Details of suggested pre-reading and a link to the third notebook is given below.
Baudry’s use of granular and wide ranging data sources, in conjunction with carefully considered data preparation make this an advanced paper. I would therefore recommend reading Baudry’s original paper first.
We hope you will be encouraged to try the code and adapt it yourself. To do so you will need basic knowledge and access to the R programming language. The Foundations workstream provides links to suitable resources.
R Code Notebook
The third and final notebook shows the end to end process of creating IBNR and RBNS reserves from a simulated mobile phone dataset using the xgboost machine learning algorithm. It also shows how you can inspect and interpret the resulting model and gain insights into what features contribute to the reserve calculation.

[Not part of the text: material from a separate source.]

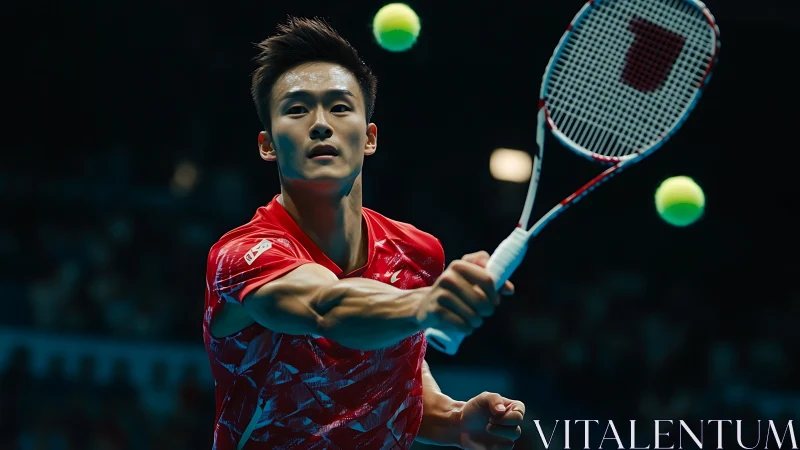 Focused tennis player strikes ball under bright arena lights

The third notebook can be found here.
This final notebook is a little more involved than the first two of the series so I recommend setting aside 30 - 45 minutes to read the notebook and to be familiar with Baudry’s original paper and the first two notebooks of this series.
If you wish to experiment and run the code in your own local instance of R then I would recommend you set aside a good two hours, to give yourself time to install R libraries and follow the code line by line. Instructions and links to the source code can be found at the end of the Notebook.